In our society, in these times, pondering is too often seen as weakness and an inability to act. Rather, pondering can be the better part of valor. What would have happened on the border of Iraq in the Spring of 2003 if we, as a nation of action-oriented warrior-types, had pondered rather than pounced on the Iraqis? While I've heard that the cost of keeping our troops in forward position would have been too great, I contend that the cost of striking has been costlier.

In your life, what are you pondering tonight? What is weighing on your mind and heart? Are you missing someone or something in your life? Are you delighted by the arrival of someone or something in your life? In the balance of things, what feelings are you pondering in your heart this Christmas Eve? De you feel joy tonight? Do you feel a sense of gratitude and thanksgiving tonight? Do you feel sad and lonely? A ponderous heart leads us to deliberate ruminations. This is often a slow, less orderly process, but more often this is a fruitful path in difficult times.

So what was Mary pondering in her heart that first Christmas Eve? Was she delighted that her baby, born in a barn, was healthy and whole? She must have been so delighted! Was she wondering what the life of "Immanuel," "God with us" would be like? Inevitably. Was she pondering the possibilities and the prospects which lay before this "king of kings" with tiny little hands and feet? Who knows?

We do know is that there is a mystery which pervades this story and this night. We do know that the one whom she pondered grew up to save the world from aimlessness and sin. While this mystery connects with the mystery at the heart of every birth, this particular mystery draws our pondering hearts together tonight. This divine mystery is about a divine love so deep that it is enters this world through birth, in human form. This mystery is so broad that it enters our world - and for all humanity - is willing to sacrifice everything for each one of us and for our salvation.

We will leave here tonight and return to our homes. I pray that in your pondering heart you take home and share God's love in your family and in your home. I pray that in this season of new birth, you learn to love your family. Look into the eyes of your parents, your siblings, your children, your in-laws (and yes, even our out-laws) and see the love of God in their shining eyes. Take time to smile and to talk with each other. Be tender in your home. Hold onto each other and ponder, as Mary did, the beauty and the possibility of each one of your family members, for love starts at home.
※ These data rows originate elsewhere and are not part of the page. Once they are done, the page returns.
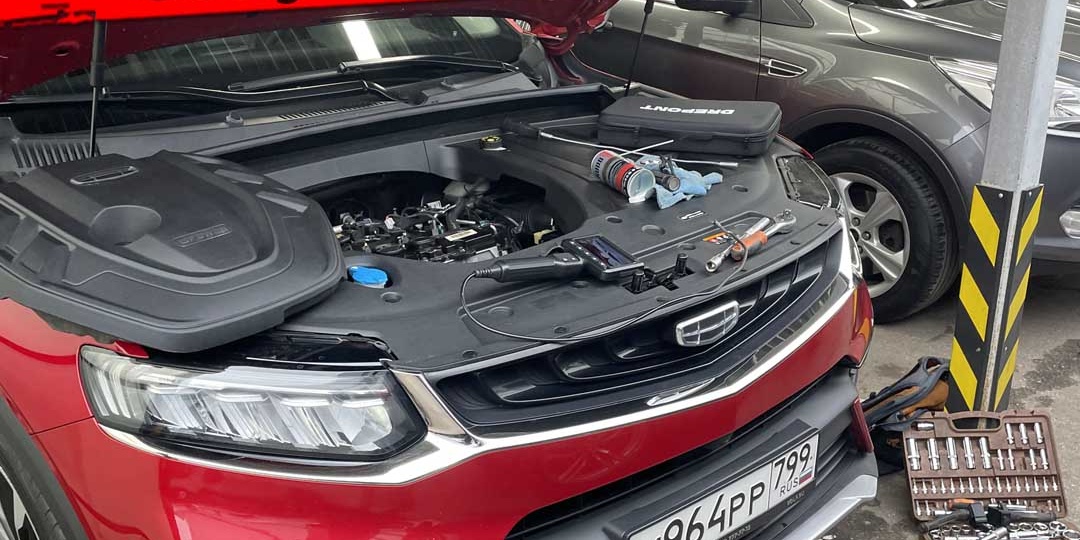 Эндоскопия китайского мотора на автомобиле Geely Tugella с пробегом.
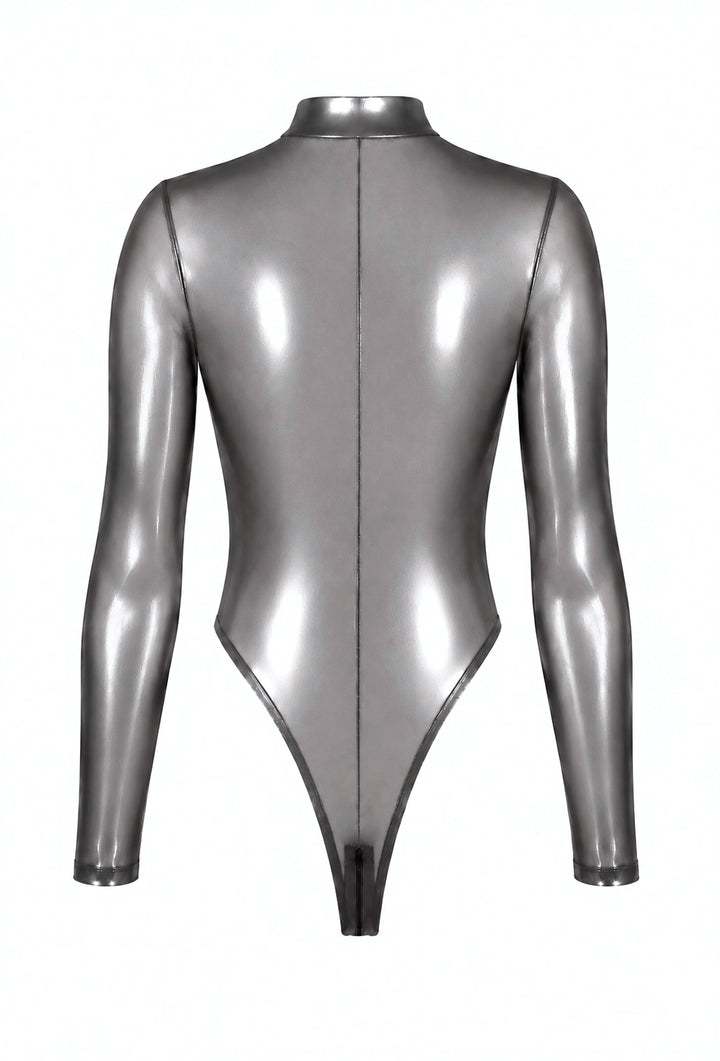 Noir Handmade F430 Moondust Bodysuit – Silber, Dreifach-Reißverschluss & Stehkragen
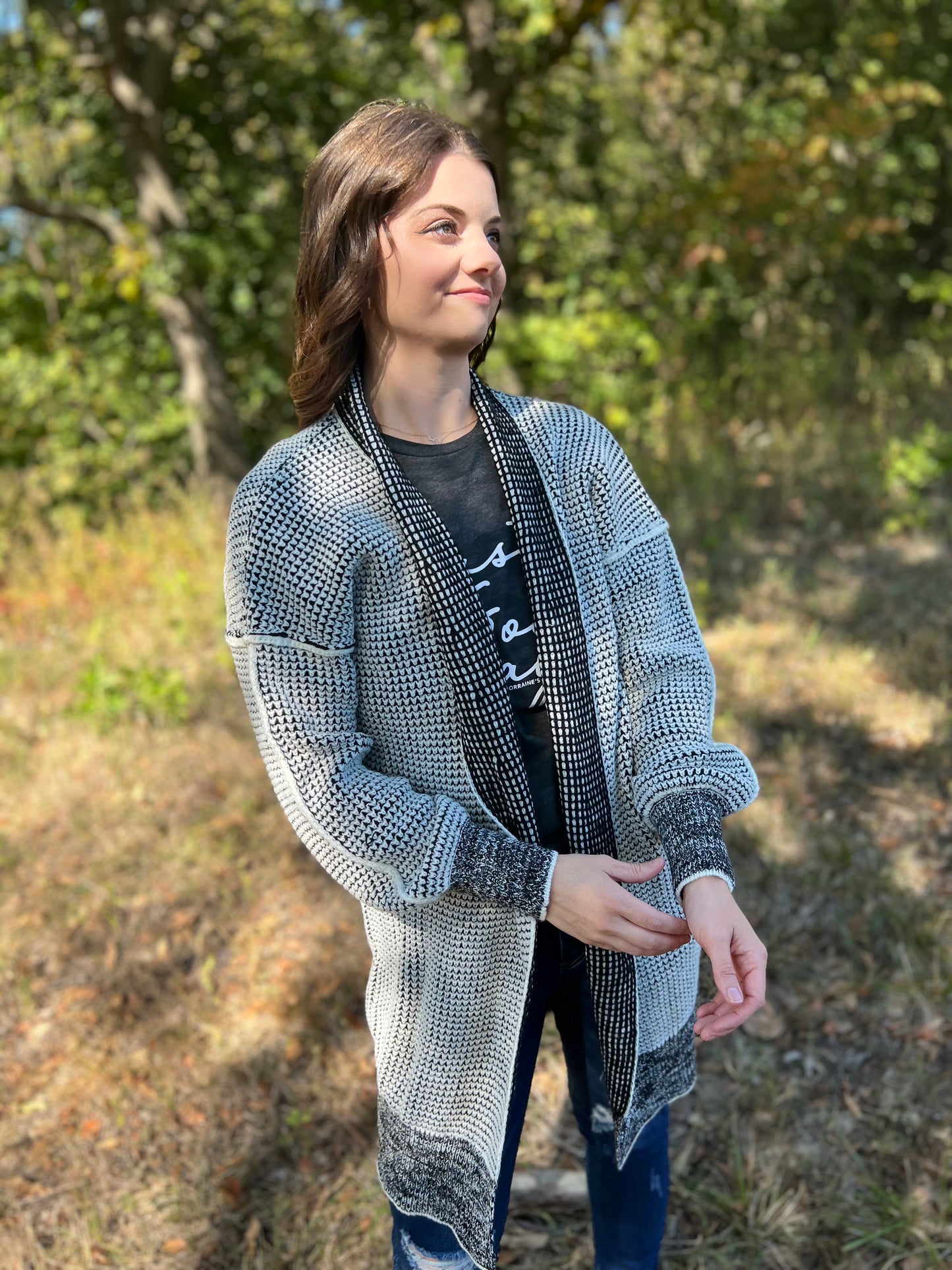 Gray Plaid Knitted Long Open Front Cardigan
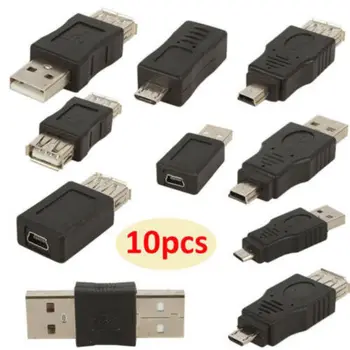 

10 pcs USB Adapters USB 2.0 Mini OTG Converter Plug Changer Female Adapter 5 Pin Power Data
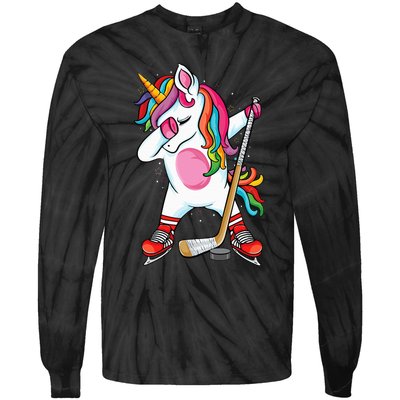 Dabbing Unicorn Ice Hockey funny ice Hockey Tie-Dye Long Sleeve Shirt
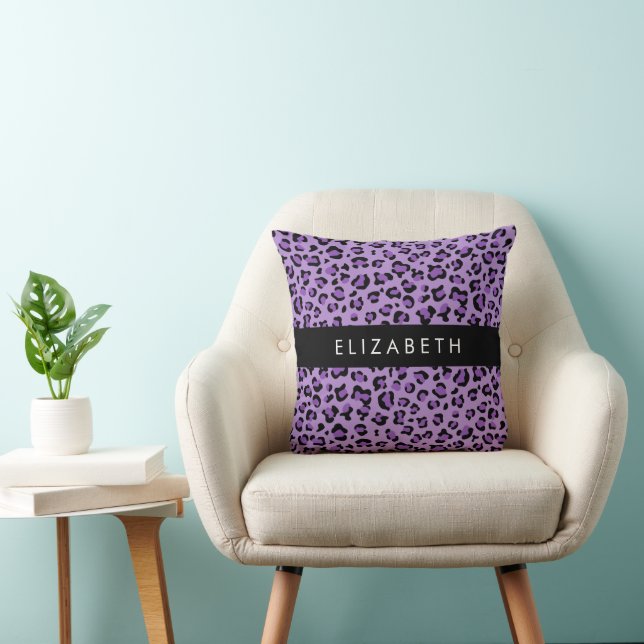 Leopard Print, Spots, Purple Leopard, Your Name Cushion (Chair)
As you move from pondering to partying, remember that your home and your family is the first field of love, devotion and service. As you hold the newborn Christ to your heart tonight, know that he is longing to enter in. He is seeking to save you from aimlessness and sin. He will not close his eyes and sleep this night until he rests, assured that you and your pondering heart, have found rest in him. Thanks be to God for the newborn Savior. Amen.